How to complete this task
Leaving out the pictures, write the following records exactly as they read.

The records
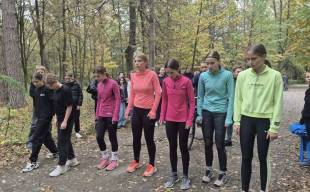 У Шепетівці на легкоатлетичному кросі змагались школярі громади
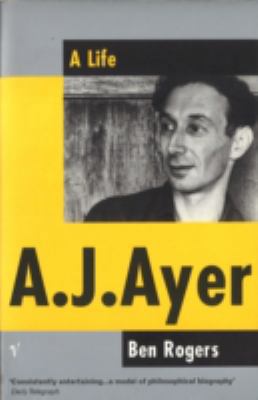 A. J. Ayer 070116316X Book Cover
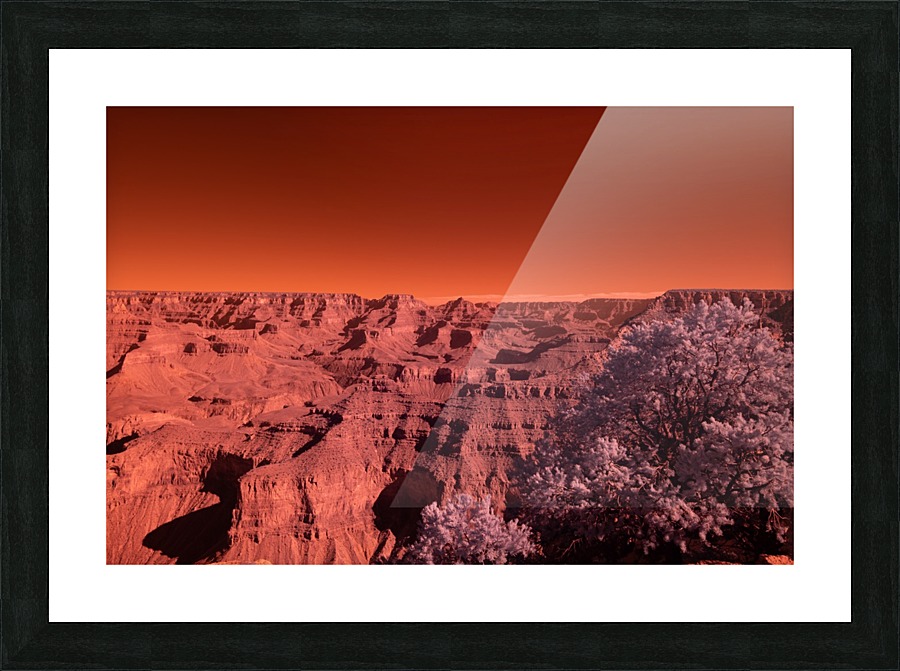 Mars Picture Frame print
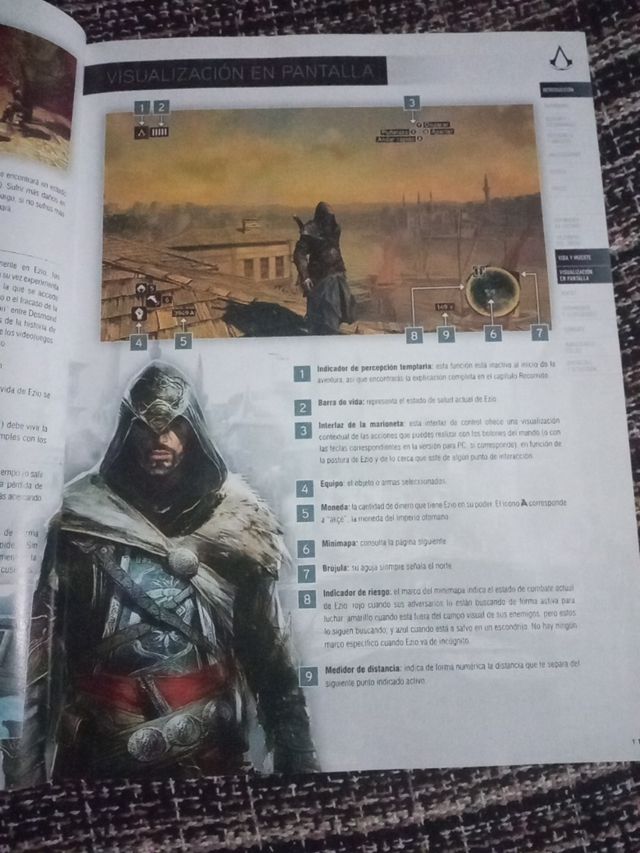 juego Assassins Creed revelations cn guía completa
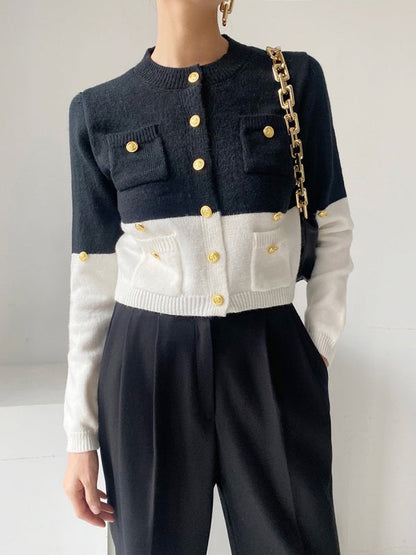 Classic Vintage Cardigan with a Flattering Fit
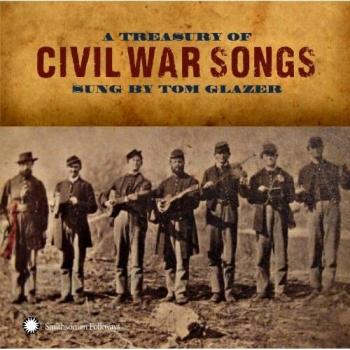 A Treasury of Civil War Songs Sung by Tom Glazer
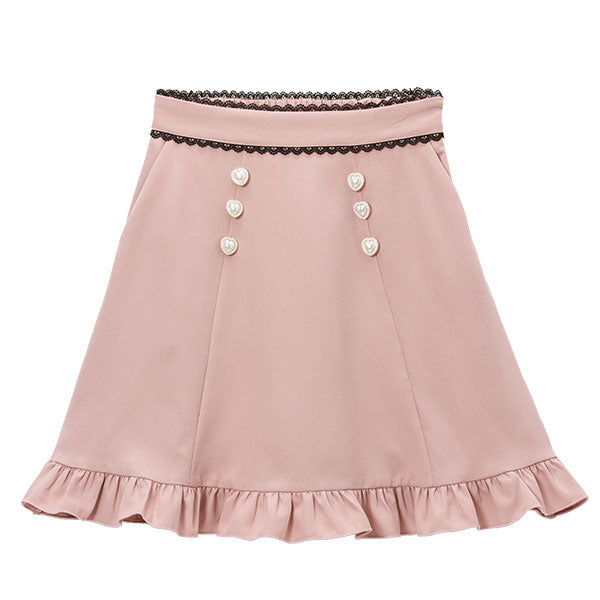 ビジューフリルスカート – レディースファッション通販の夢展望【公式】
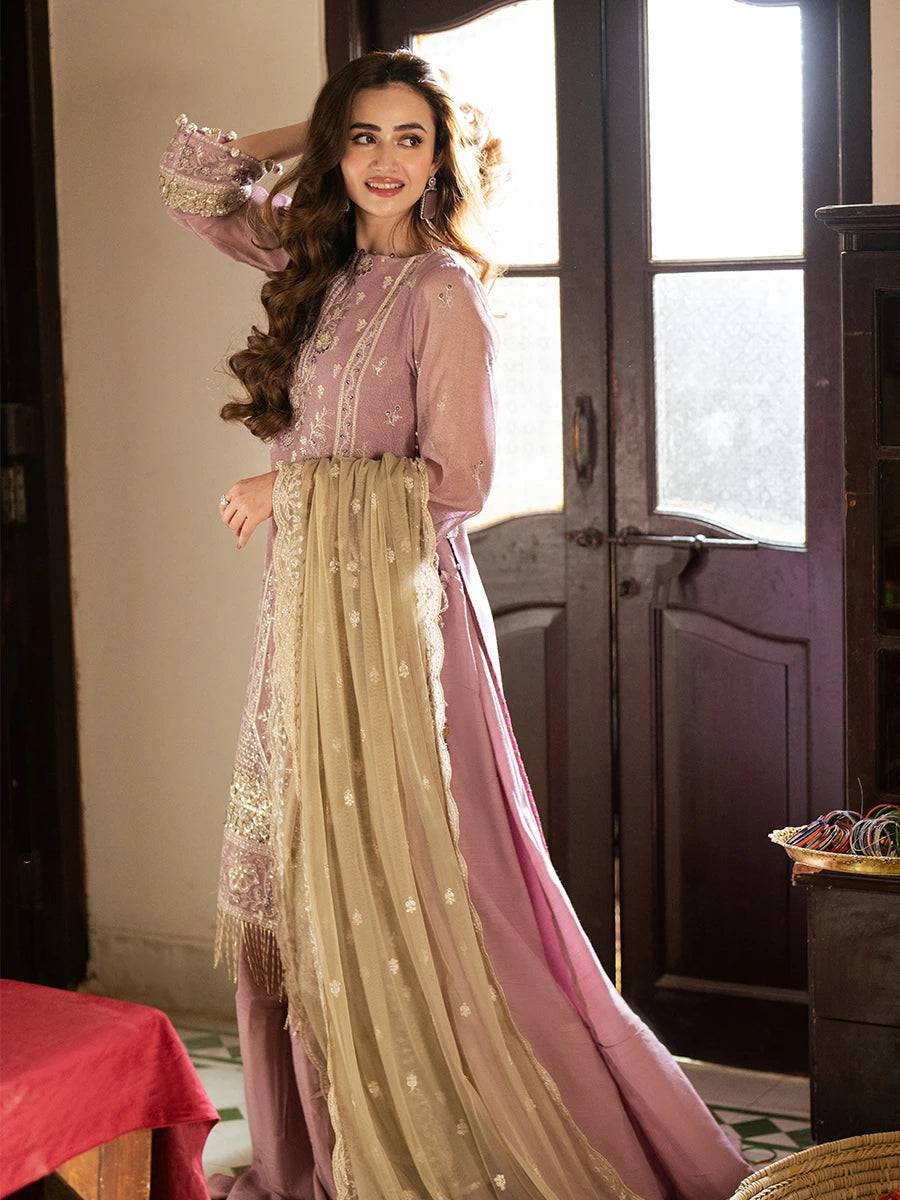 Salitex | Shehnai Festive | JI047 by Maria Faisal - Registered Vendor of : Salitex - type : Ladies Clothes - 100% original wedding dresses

Result for this exercise
 У Шепетівці на легкоатлетичному кросі змагались школярі громади
 A. J. Ayer 070116316X Book Cover
 Mars Picture Frame print
 juego Assassins Creed revelations cn guía completa
 Classic Vintage Cardigan with a Flattering Fit
 A Treasury of Civil War Songs Sung by Tom Glazer
 ビジューフリルスカート – レディースファッション通販の夢展望【公式】
 Salitex | Shehnai Festive | JI047 by Maria Faisal - Registered Vendor of : Salitex - type : Ladies Clothes - 100% original wedding dresses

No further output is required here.